Equitable Distribution States
In equitable distribution states, debt is divided fairly but not always equally.
Courts look at:
Who incurred the debt and for what purpose (Was it for family needs or personal use?)
Each spouse's ability to pay
Whether one spouse will keep certain property (e.g., the house or car with a loan attached)
Example:
If one spouse racks up credit card debt on personal purchases without the other’s knowledge, the court may assign more of that debt to the spender.
Marital vs. Separate Debt
Marital Debt: Debt incurred during the marriage for the benefit of the household (e.g., mortgage, car loans, credit cards).

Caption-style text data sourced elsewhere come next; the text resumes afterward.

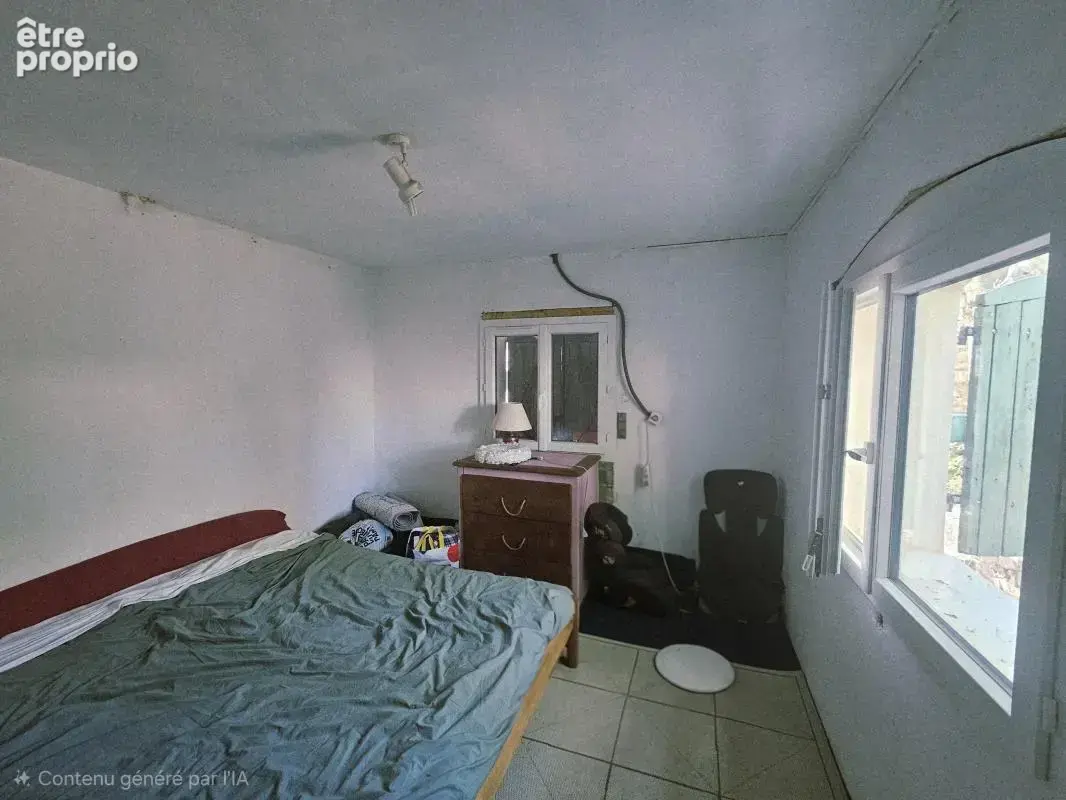 Maison 4 pièces 99 m² à vendre à Nimes (30000) - photo 15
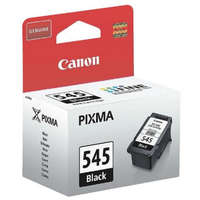 Canon Canon PG-545 Tintapatron Black 8 ml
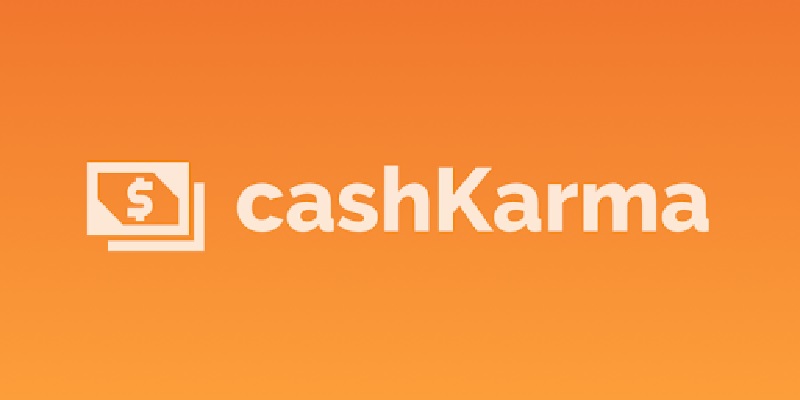 CashKarma Promotions: 500 Karma Points Sign-Up Bonus & 10%+ Referral Rewards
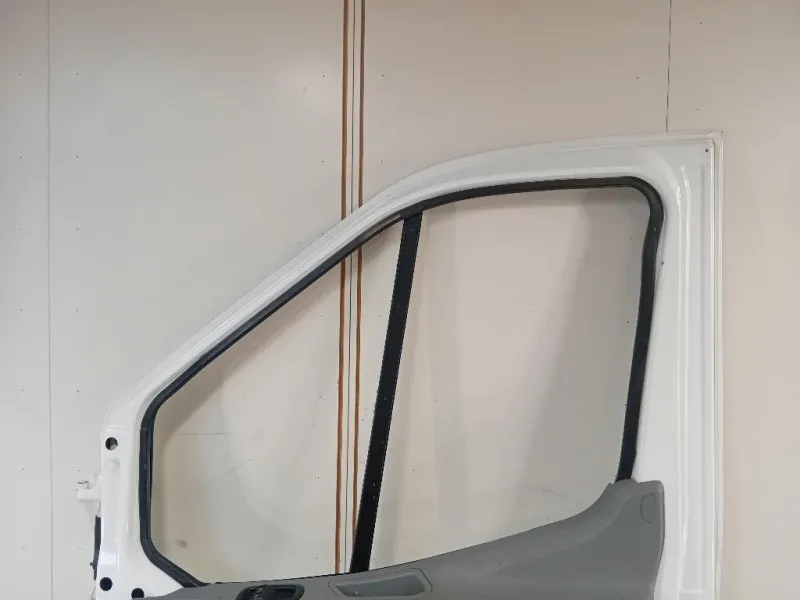 Porta ANT DX PORTA ANT DX Ford Transit VI 2014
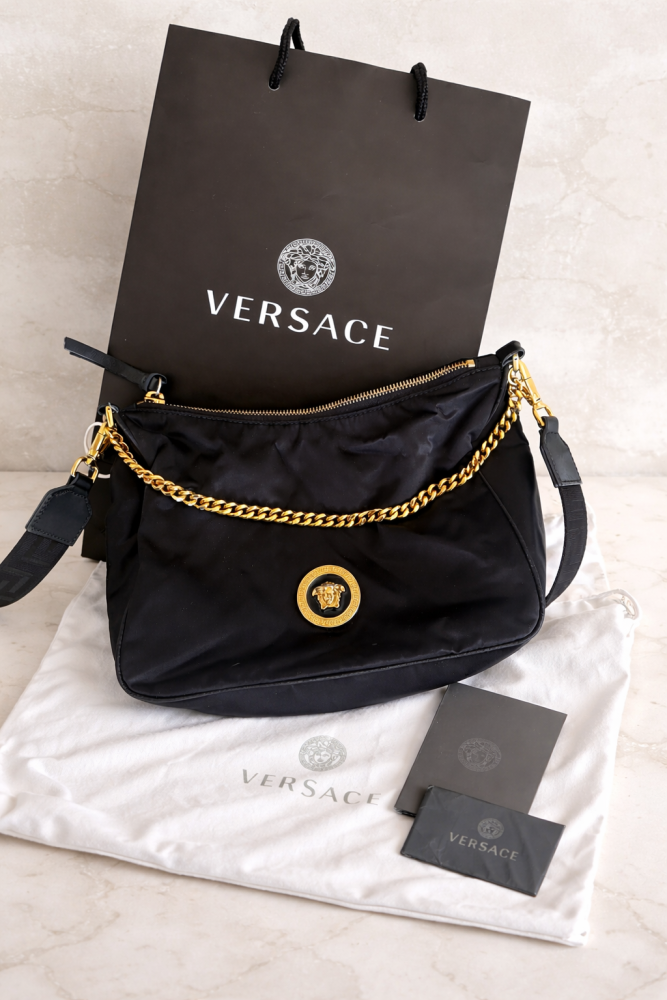 Versace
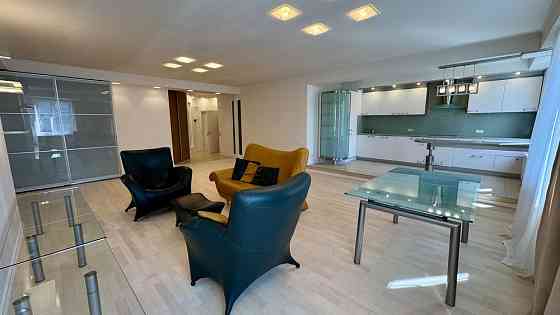 Власник без% Продам квартиру вул.Назарівська7б(Ветрова) ботанічний сад Kyiv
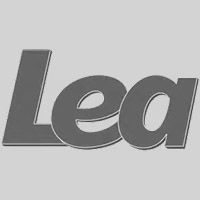 Logo von Lea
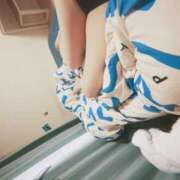 ヒメ日記 2025/05/07 15:18 投稿 アオ 贅沢なひと時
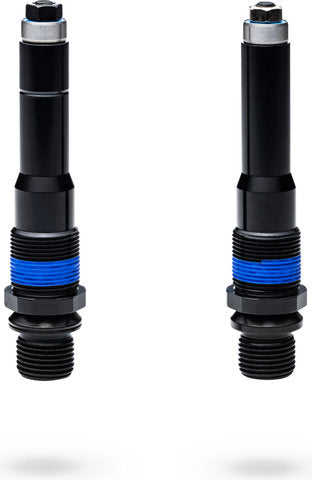Load image into Gallery viewer, Title mtb connect pedal axle kit
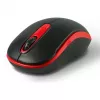 Mysz SPEEDLINK Ceptica Office RF Wireless Optical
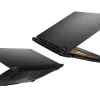 ASUS Notebook TUF Gaming F16 FX608JPR-RV075W (RTX 5070)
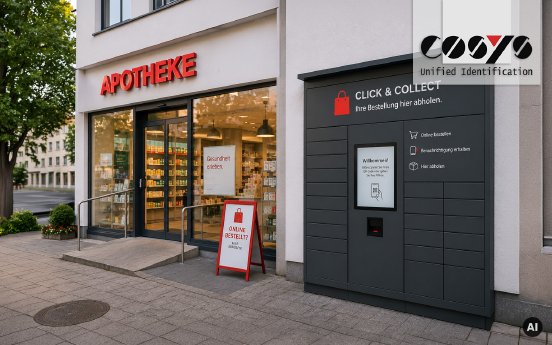2026-08-07-PB-Click and Collect für Apotheken vom Lager bis zur Kundenübergabe.jpg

Separate Debt: Debt incurred before marriage or for personal use during the marriage (e.g., gambling debt, secret credit cards).
Courts generally assign separate debts to the spouse who created them.
Joint Accounts and Cosigned Loans
If both names are on a loan or credit card, creditors can pursue either party for repayment, regardless of the divorce decree.
If your ex-spouse is supposed to pay a joint debt but fails to do so, creditors can come after you.
Refinancing or removing names from accounts after divorce is crucial to avoid credit damage.
Protecting Yourself:
Close joint accounts during the divorce process.
Refinance loans to remove one party's name if possible.
Consider a written agreement to cover debts in case of default.
Monitor your credit report to catch missed payments early.